There is a downside, however.  As many have documented in the case of tenant
occupancy, it often proved to be very difficult to know exactly how USCIS would interpret various attempts to meet the standards, given that they are not very specific.  With approval times as long as they are today, the unknown is whether or not USCIS would accept given justifications on a case-by-case basis. Since guest expenditures could arguably have an impact on job creation and therefore the amount of money that an EB-5 project could raise from EB-5 investors, this unknown could have an impact on the capital stack and project timing if there is a delay or considerable back-and-forth in dealing with USCIS.  

To the extent that a project can afford the time or can otherwise be flexible in terms of their capital stack, attempting to use guest expenditures can have a significant upside.  Most, however, would find that it would be very challenging to have to change an anticipated capital stack according to whether or not the use of guest expenditures would be allowed.
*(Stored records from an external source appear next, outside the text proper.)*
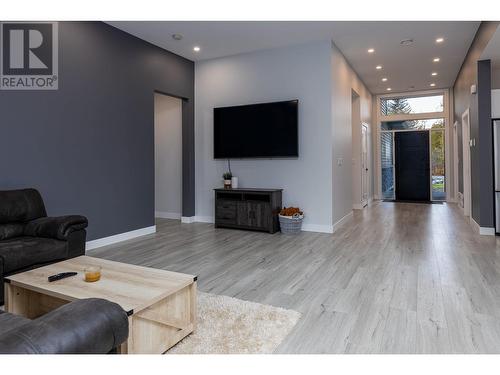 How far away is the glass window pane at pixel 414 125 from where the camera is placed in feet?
29.9

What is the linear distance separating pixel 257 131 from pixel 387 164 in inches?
231

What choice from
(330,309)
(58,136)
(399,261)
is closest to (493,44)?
(399,261)

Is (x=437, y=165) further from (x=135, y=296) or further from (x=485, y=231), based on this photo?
(x=135, y=296)

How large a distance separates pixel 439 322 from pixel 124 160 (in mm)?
4166

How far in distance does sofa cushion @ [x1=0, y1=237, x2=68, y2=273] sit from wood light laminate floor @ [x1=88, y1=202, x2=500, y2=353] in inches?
35.3

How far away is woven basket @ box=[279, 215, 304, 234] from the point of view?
501 centimetres

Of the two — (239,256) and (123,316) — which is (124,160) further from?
(123,316)

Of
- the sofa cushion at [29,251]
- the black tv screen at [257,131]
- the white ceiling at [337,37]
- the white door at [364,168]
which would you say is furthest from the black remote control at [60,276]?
the white door at [364,168]

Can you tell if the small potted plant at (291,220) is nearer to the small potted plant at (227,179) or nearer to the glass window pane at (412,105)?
the small potted plant at (227,179)

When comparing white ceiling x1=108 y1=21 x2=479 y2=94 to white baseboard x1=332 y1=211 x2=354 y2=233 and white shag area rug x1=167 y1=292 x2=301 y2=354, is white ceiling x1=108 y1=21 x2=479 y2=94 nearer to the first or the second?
white baseboard x1=332 y1=211 x2=354 y2=233

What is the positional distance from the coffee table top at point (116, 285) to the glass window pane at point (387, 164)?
898 centimetres

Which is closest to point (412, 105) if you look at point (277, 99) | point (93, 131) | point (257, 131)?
point (277, 99)

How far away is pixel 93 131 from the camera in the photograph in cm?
428

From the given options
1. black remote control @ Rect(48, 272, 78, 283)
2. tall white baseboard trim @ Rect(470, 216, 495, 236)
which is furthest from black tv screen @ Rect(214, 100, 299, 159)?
black remote control @ Rect(48, 272, 78, 283) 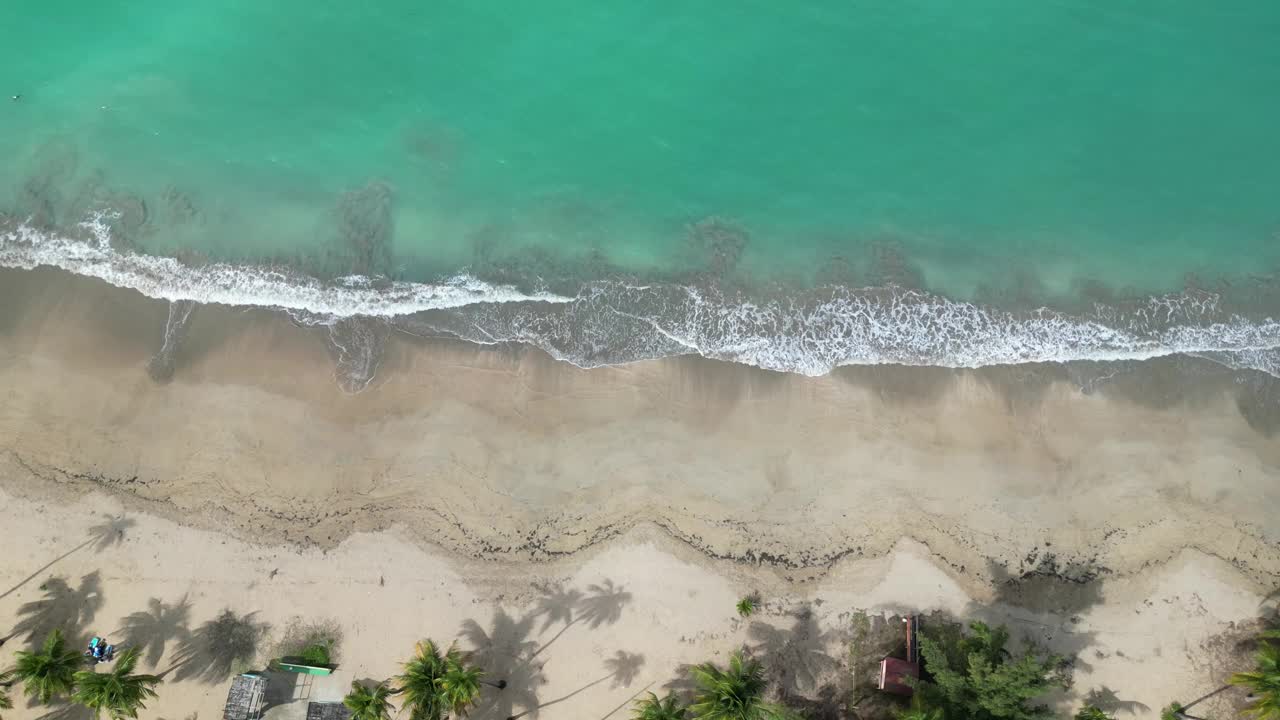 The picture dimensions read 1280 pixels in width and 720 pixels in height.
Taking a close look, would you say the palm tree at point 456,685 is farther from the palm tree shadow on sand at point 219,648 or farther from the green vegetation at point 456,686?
the palm tree shadow on sand at point 219,648

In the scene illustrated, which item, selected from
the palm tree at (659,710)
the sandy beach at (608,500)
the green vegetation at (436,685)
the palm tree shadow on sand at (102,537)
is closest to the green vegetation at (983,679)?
the sandy beach at (608,500)

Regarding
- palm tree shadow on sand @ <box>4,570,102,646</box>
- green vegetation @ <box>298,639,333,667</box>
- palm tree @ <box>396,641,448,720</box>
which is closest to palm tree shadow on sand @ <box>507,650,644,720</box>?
palm tree @ <box>396,641,448,720</box>

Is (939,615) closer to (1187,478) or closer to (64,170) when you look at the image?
(1187,478)

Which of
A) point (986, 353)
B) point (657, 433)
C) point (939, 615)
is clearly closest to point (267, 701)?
point (657, 433)

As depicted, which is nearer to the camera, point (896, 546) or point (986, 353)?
point (896, 546)

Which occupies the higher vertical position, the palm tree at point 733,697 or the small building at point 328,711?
the palm tree at point 733,697

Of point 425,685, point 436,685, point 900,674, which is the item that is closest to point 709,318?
point 900,674

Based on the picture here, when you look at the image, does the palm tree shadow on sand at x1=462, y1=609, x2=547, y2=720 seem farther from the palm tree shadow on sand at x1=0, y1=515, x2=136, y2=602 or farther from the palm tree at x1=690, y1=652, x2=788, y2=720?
the palm tree shadow on sand at x1=0, y1=515, x2=136, y2=602

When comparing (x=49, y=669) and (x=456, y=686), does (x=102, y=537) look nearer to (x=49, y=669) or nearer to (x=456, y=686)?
(x=49, y=669) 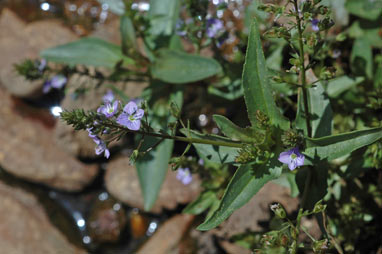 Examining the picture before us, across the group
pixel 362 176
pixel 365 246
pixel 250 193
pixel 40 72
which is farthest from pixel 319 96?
pixel 40 72

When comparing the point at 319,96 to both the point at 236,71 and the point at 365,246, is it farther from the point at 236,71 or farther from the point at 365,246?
the point at 365,246

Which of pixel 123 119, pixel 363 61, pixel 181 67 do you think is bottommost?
pixel 181 67

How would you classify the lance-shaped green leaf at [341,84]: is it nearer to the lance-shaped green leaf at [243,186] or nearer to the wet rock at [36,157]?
the lance-shaped green leaf at [243,186]

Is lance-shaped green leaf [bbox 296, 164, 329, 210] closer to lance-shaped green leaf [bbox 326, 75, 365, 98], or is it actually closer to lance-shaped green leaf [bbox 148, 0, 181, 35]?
lance-shaped green leaf [bbox 326, 75, 365, 98]

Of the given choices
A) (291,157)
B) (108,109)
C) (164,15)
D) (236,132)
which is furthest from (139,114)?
(164,15)

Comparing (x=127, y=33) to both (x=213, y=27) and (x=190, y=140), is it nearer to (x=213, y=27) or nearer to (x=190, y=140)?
(x=213, y=27)

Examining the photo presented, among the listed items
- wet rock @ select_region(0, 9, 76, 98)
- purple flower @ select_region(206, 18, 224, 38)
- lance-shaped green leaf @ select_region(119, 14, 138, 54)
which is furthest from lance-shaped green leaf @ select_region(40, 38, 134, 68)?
wet rock @ select_region(0, 9, 76, 98)

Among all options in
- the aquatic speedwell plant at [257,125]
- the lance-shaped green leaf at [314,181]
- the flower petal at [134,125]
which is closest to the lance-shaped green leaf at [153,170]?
the aquatic speedwell plant at [257,125] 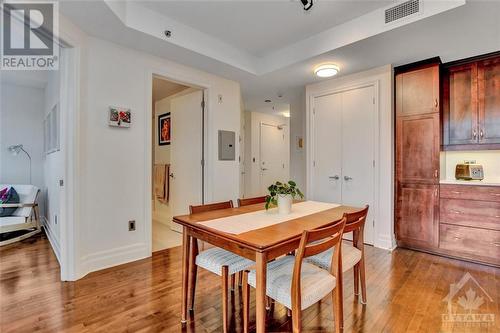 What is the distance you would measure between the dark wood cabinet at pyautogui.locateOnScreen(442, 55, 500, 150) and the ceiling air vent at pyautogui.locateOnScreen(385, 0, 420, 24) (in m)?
1.39

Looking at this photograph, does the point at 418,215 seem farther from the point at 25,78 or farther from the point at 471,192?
the point at 25,78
Over time, it is anticipated that more clarity will come both from USCIS in terms of policy memoranda and from the EB-5 community as we see what is accepted and what is not and the  reasons for those decisions.  In the meantime, however, many have seen significant pushback from USCIS when they have attempted to use guest expenditure.

Investors would also do well to try to recognize when guest expenditures are part of the plan, especially in a case where a hypothetical plan was submitted.  Until there is more clarity on what will be acceptable in the eyes of USCIS, guest expenditures can add some additional potential risk or delay in relation to the investor's approval at the I-526 stage.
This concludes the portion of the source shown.